Hermetic Library Fellow T Polyphilus reviews Beyond the Fields We Know [Amazon, Abebooks, Local Library] by Lord Dunsany, introduction by Lin Carter.

Dunsany Carter Beyond The Fields We Know

This mass-market paperback is one of Lin Carter’s editions of Lord Dunsany’s fantasies issued by Ballantine in the early 1970s. It contains all of Gods of Pegāna and the better part of Time and the Gods, along with the play King Argimenes and the Unknown Warrior, and a selection of poems and later stories. The Pegāna stories that make up the first part of the book represent one of Dunsany’s chief literary innovations. In Pegāna, he created a cosmology and mythology out of whole cloth to support a narrative universe, setting a precedent emulated by later writers like Tolkien and Lovecraft. Dunsany adopted the narrative styles of myth and high legend, often with surprisingly irreverent effects. In addition to Pegāna’s gods, this collection includes the hilarious later story of “Chu-Bu and Sheemish,” which makes light of divine jealousies. 
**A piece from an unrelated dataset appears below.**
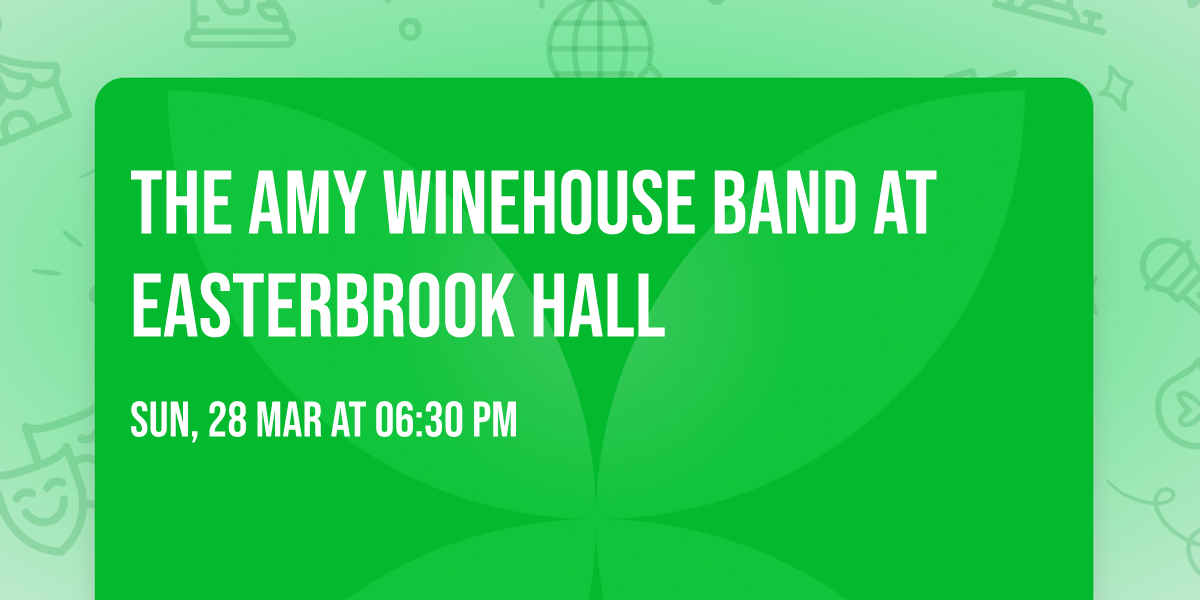 The Amy Winehouse Band at Easterbrook Hall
The thing that really stands out for me in Dunsany’s works is the language. I had to read this purple piece from “The Sword of Welleran” about four times just for the pleasure of it: “Then night came up, huge and holy, out of waste marshes to the eastwards and low lands and the sea; and the angels that watched over all men through the day closed their eyes and slept, and the angels that watched over all men through the night woke and ruffled their deep blue feathers and stood up and watched.” Also, I thought it was interesting in that same story that the nameless narrator and sometimes eyewitness of the story “I, the dreamer that sit before my fire asleep” — was asleep while telling it. Many of Dunsany’s stories are imbued with the flavor of dream and dream-vision to an extent that had perhaps at that time been rivaled in modern literature only by the fantasies of George MacDonald.
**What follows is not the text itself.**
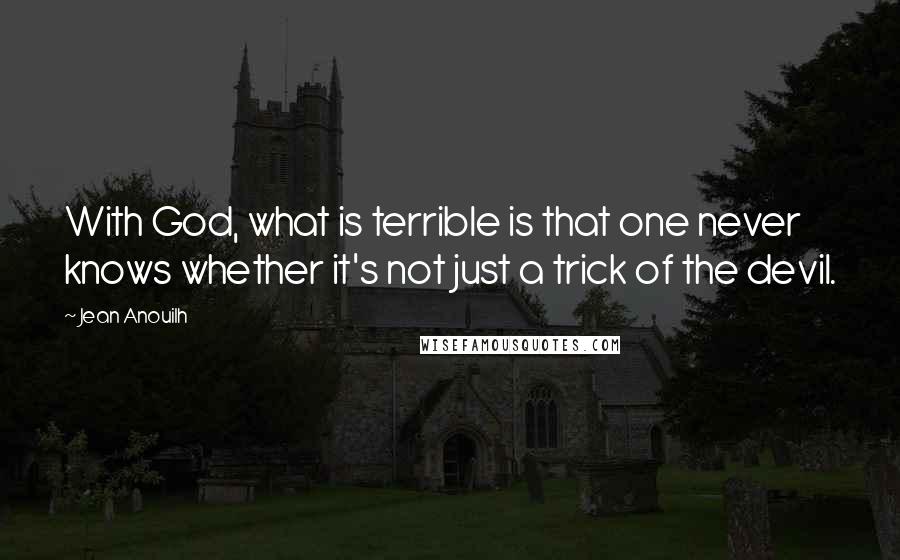 Jean Anouilh Quotes: With God, what is terrible is that one never knows whether it's not just a trick of the devil.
Carter’s introduction is chiefly biographical, while his afterword is sort of philological. Expanding on his claim that Dunsany was the first to base invented proper nouns in literary fantasy on Hebrew models — or more precisely the Anglicized Hebrew names of the KJV Bible — Carter traces the direct and indirect influence of Dunsany through those verbal sounds. (The broadest indirect path goes through Lovecraft.) He instances Clark Ashton Smith, Tolkien, Leiber, and many another author as coiners of names on the pattern laid down by Dunsany.
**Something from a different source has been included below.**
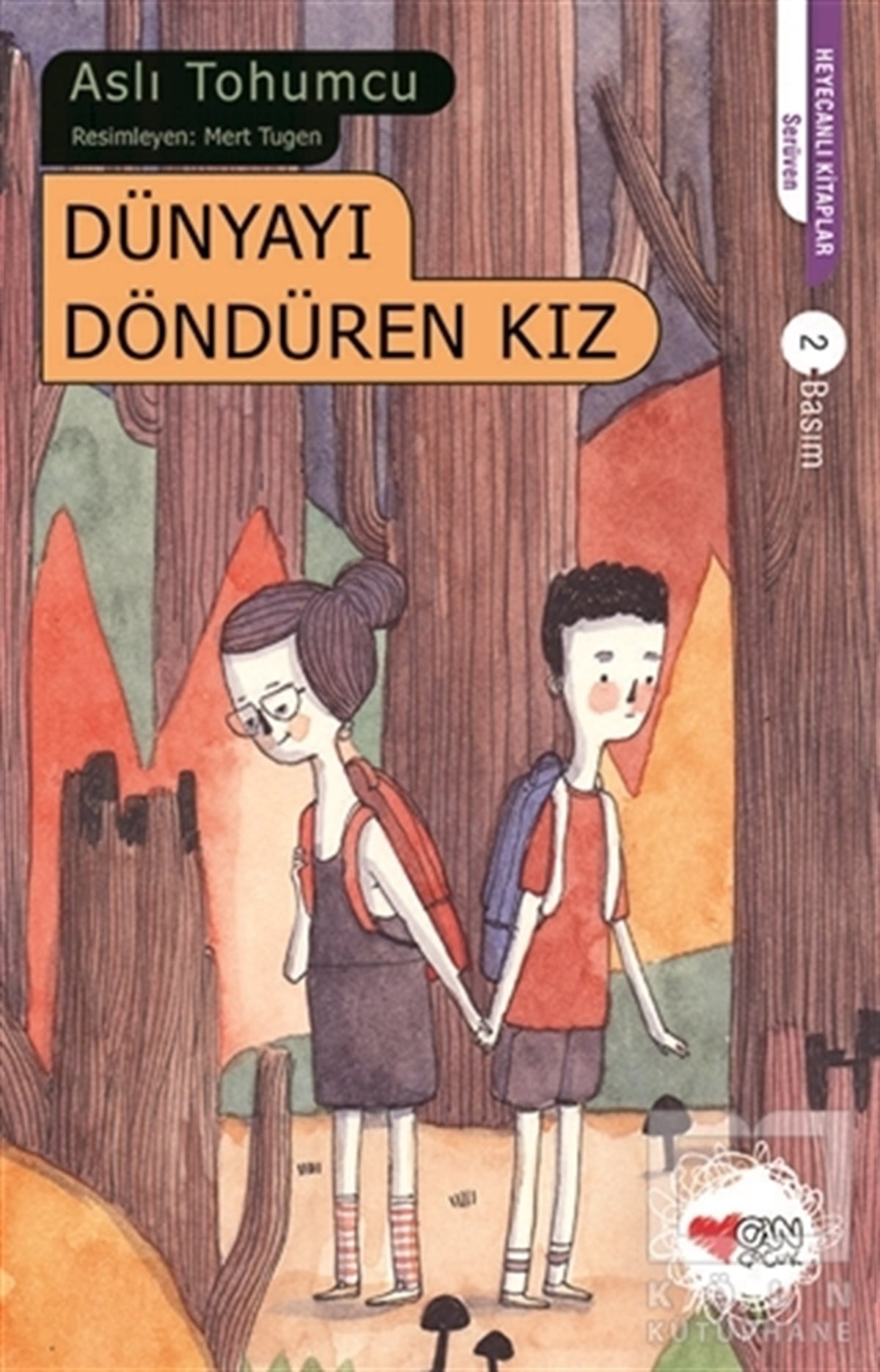 Aslı TohumcuRoman-ÖyküDünyayı Döndüren Kız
In editing these books, Carter earned the praise of Ursula LeGuin for saving “us all from a lifetime of pawing through the shelves of used bookstores somewhere behind several dusty cartons between ‘Occult’ and ‘Children’s’ in hopes of finding, perhaps, the battered and half-mythical odd volume of Dunsany” (The Language of the Night, 84). These days, much Dunsany is in print again, but Carter’s mass-market editions are still enchanting, and now themselves worth pawing through the shelves of used bookstores to obtain.